On paper, Tristan Walker could check off a lot of the standard boxes for “Silicon Valley entrepreneur.” He has an MBA from Stanford and a résumé that includes Twitter, Foursquare and four years as entrepreneur-in-residence at Andreessen Horowitz.
However, the CEO of Walker & Company Brands roundly rejects the Valley’s favorite cliché, “culture fit.” On the latest episode of Recode Decode, hosted by Kara Swisher, Walker said startups rarely define their own cultures before using it as an excuse to hire homogenous workers.
“Foursquare worked, we got to 150 employees and no one left because we knew who we were,” Walker said. “The thing I’ve realized this time around, that I wanted to do from Day 1, is define that.”
Walker & Company is a health and beauty company that puts an emphasis on products for people of color, and it has raised more than $33 million to date from firms like Andreessen and IVP. Walker said he laid down six specific corporate values before he raised any money: “Courage, inspiration, respect, judgment, wellness and loyalty.”
In addition to explaining how those terms apply to his business, on the new podcast Walker discussed the challenges he initially faced in getting investors on board; how he evaluates the recent mega-sales of Jet.com ($3 billion, to Walmart) and Dollar Shave Club ($1 billion, to Unilever); and his nonprofit initiative for minorities in tech, Code2040.
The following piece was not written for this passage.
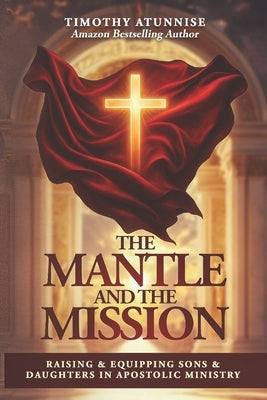 The Mantle and the Mission: Raising & Equipping Sons & Daughters in Apostolic Ministry by Atunnise, Timothy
“We just graduated a class of 90 fellows,” he said. “A lot of these folks are saying that they don’t exist. That is complete bullshit, because we found them inside of six months.”
“But the inevitability is this,” he added. “They’re the ones who are going to go and start the companies. They’re the ones who are going to hire. They’re the ones who are actually going to create these lists and define values. If folks are complacent, then great: Don’t hire those folks. We will.”